The new public theology is viewed as the normative Christian position by default. Churches that identify with the Religious Right proclaim their public theology with vigor and without apology. Everyone else in the American Christian community is strangely silent.
Sure, our well-educated preachers have nice things to say about theological abstractions like justice, love, peace and reconciliation, but they rarely tell us how these virtues impact the economic, political and social life of the nation we live in.
Silence is considered the wise, nuanced approach. “I’m not paid to tell my people how to vote, or how to think on policy issues,” preachers tell one another. “I tell them what the Bible says, and it’s up to them to make the application.”
But “making the application” is what theology is all about. The Religious Right has the ear of the nation because they know what they believe and they spell it out for us.
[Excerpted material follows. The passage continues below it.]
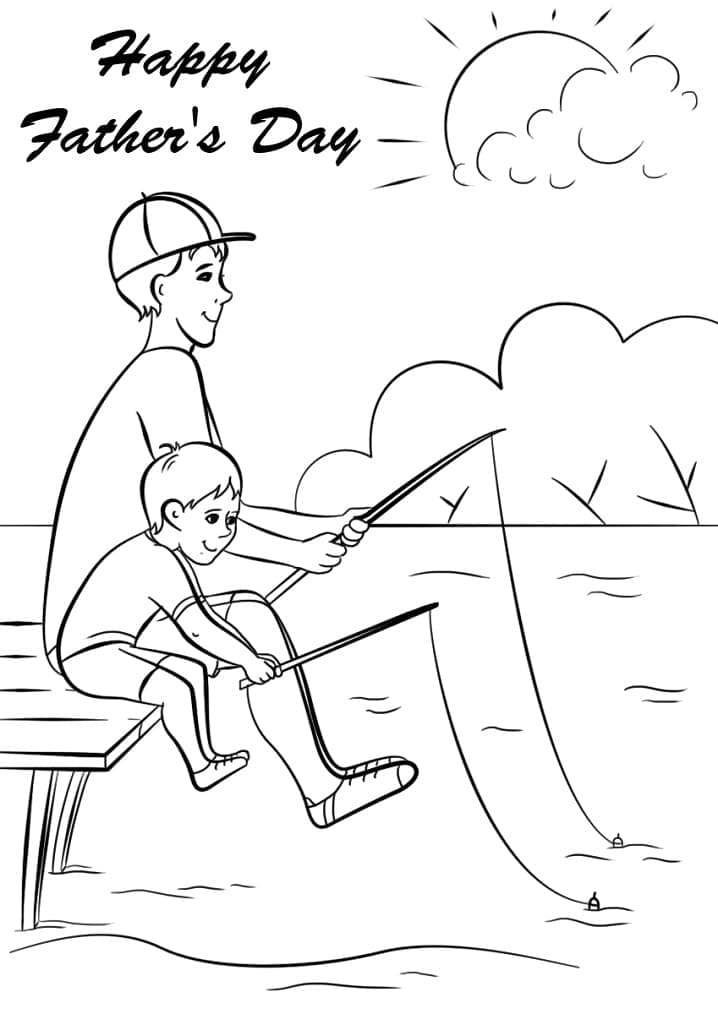 Go Fishing For Father’s Day coloring page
They make the application.
Churches that limp along without a public theology become practically and morally irrelevant to the larger society. They have nothing of substance to say to young adults who are eager (for a brief season) to devote their lives to a larger purpose.
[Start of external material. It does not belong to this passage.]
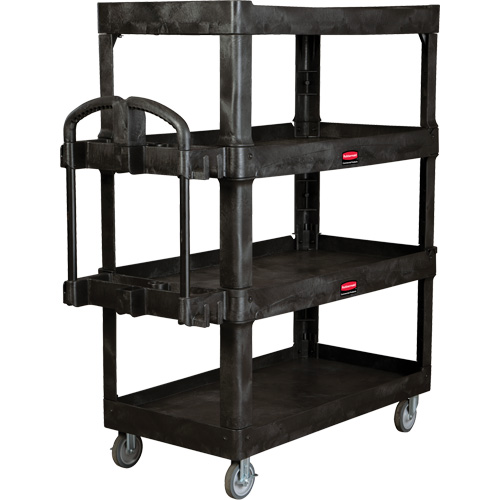 Heavy-Duty Ergo Utility Cart, 4 Tiers, 24-1/4" x 62-2/5" x 54-1/10", 700 lbs. Capacity Auto-Cam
Why have we lost our prophetic voice?
First, there is the problem of the “messy middle.” Most congregations reflect the full ideological spectrum of American life. A pastor preaching to a mix of conservatives, moderates, liberals (and a growing number of libertarians) can’t address social, political or economic issues in a substantive way without enraging and alienating somebody.
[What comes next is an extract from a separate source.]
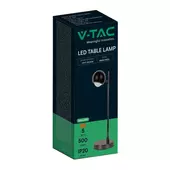 Kép 1/7 - V-TAC 5W asztali gömbfejű lámpa, fekete házzal, meleg fehér, 100 lm/W - SKU 10345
Members of messy middle congregations easily assume that “most people in my church think like me.” But let real people start talking about real issues and this perception fades quickly. Why let that happen? Job security is a big issue.
Embarrassing theological questions emerge when we are forced to reckon with our diversity. If we are all taking our cue from the same Bible and we’re drawing such different conclusions, who’s got it right and who’s wrong?
More likely, we conclude that the Bible doesn’t have much practical guidance to offer, so we’re all free to make up our own minds. Diversity is hailed as the cardinal virtue.
But our loss of prophetic voice is only partially explained by the messy middle problem. Here’s the deeper truth: we know what Jesus says about money and it doesn’t take a seminary degree to grasp the economic, political and social implications.
We can take refuge in complexity, of course. The Bible is a very big book featuring a long list of authors responding to a crazy quilt of different circumstances. There’s some stuff in Leviticus, Joshua and Nehemiah that’s hard to square with the Sermon on the Mount. Right?
But if we start with Jesus and the broad biblical traditions that shaped his message, the broad outline of a clear, prophetic theology is clearly discernible.
Our problem isn’t that the message is fuzzy; our problem is that the message is frightening.
If we take our cue from the Sermon on the Mount, the Lord’s Prayer and Mary’s Magnificat where would that leave us? Outside the camp, on the margins, numbered with the sick, the sinners, the poor and the desperate. We’d have to ask where all these hurting people came from. We’d have to move from charity to advocacy.
Worse still, our churches would be transformed from mainstream bastions of respectability to counterculture communities living on the fringe.
We might gain a prophetic voice, but we would lose almost everything else. Hence our silence.
But the question won’t go away: if we’re not that kind of Baptists, what kind of Baptists are we?